Only the lines from the one containing "So last we talked" through the end of the entries are to be copied, exactly and without pictures, please.

────

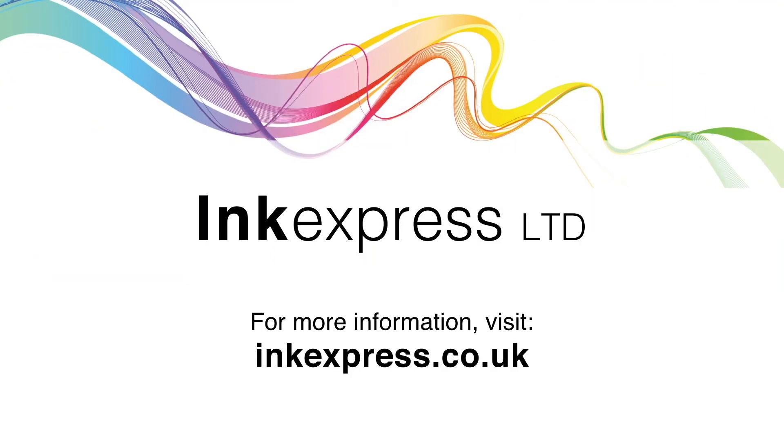Thanks for watching this video. For more information you can view our other tutorials or visit our website inkexpress.co.uk and don't forget to like and subscribe.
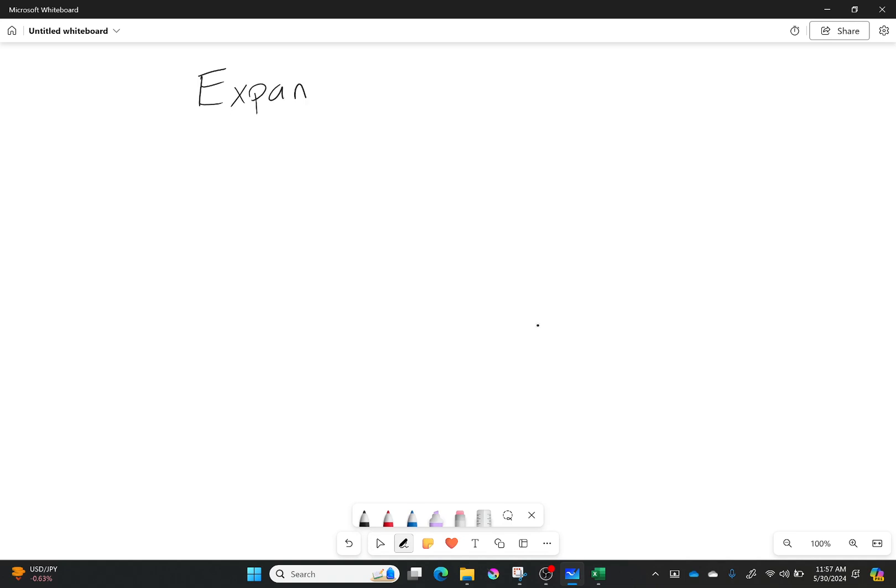So last we talked about oblique shocks and this time we're going to be talking about expansion fans. And this is going to give us most of the tools we'll need to deal with real flows that actually get turned by something.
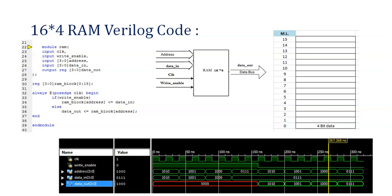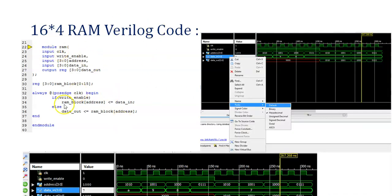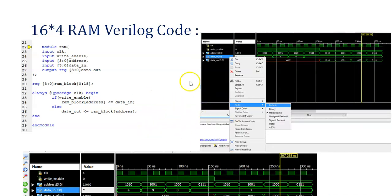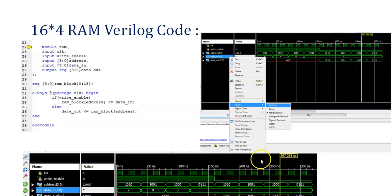Now we will see how to write a test bench. In the waveform, 1010 is stored as 1010. If you need to change the display notation — binary, octal, or decimal — right-click on the variable in the simulation waveform and select the desired radix. For example, if you click hexadecimal, the data will be shown in hexadecimal format instead of binary 1010.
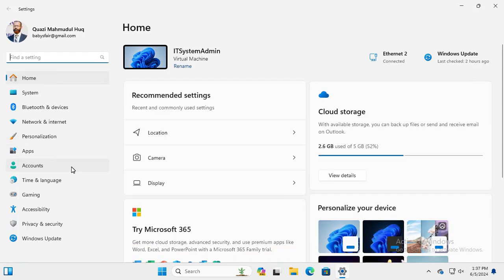In the left hand, you will find an option Privacy and Security. Click on Privacy and Security.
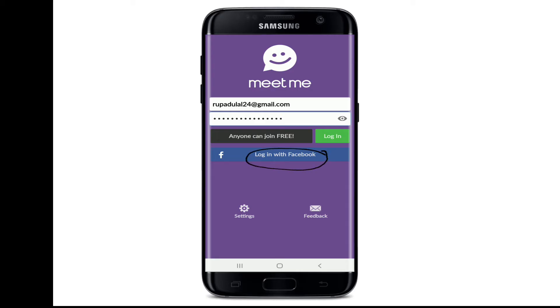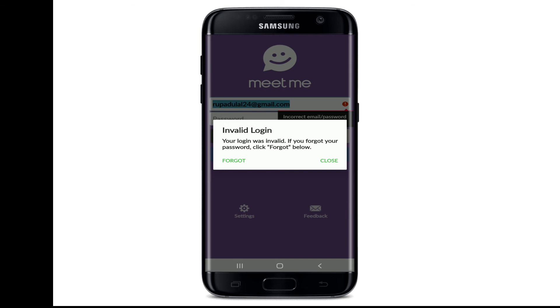To log into your Facebook account, you can simply tap on 'Login with Facebook' and you'll be logged in with your Facebook. After you're done entering all the credentials, tap on Login, wait for a few seconds, and soon after you do that you'll be logged in to MeetMe.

────

**EXERCISE ANSWER:**
So last we talked about oblique shocks and this time we're going to be talking about expansion fans. And this is going to give us most of the tools we'll need to deal with real flows that actually get turned by something.
Now we will see how to write a test bench. In the waveform, 1010 is stored as 1010. If you need to change the display notation — binary, octal, or decimal — right-click on the variable in the simulation waveform and select the desired radix. For example, if you click hexadecimal, the data will be shown in hexadecimal format instead of binary 1010.
In the left hand, you will find an option Privacy and Security. Click on Privacy and Security.
To log into your Facebook account, you can simply tap on 'Login with Facebook' and you'll be logged in with your Facebook. After you're done entering all the credentials, tap on Login, wait for a few seconds, and soon after you do that you'll be logged in to MeetMe.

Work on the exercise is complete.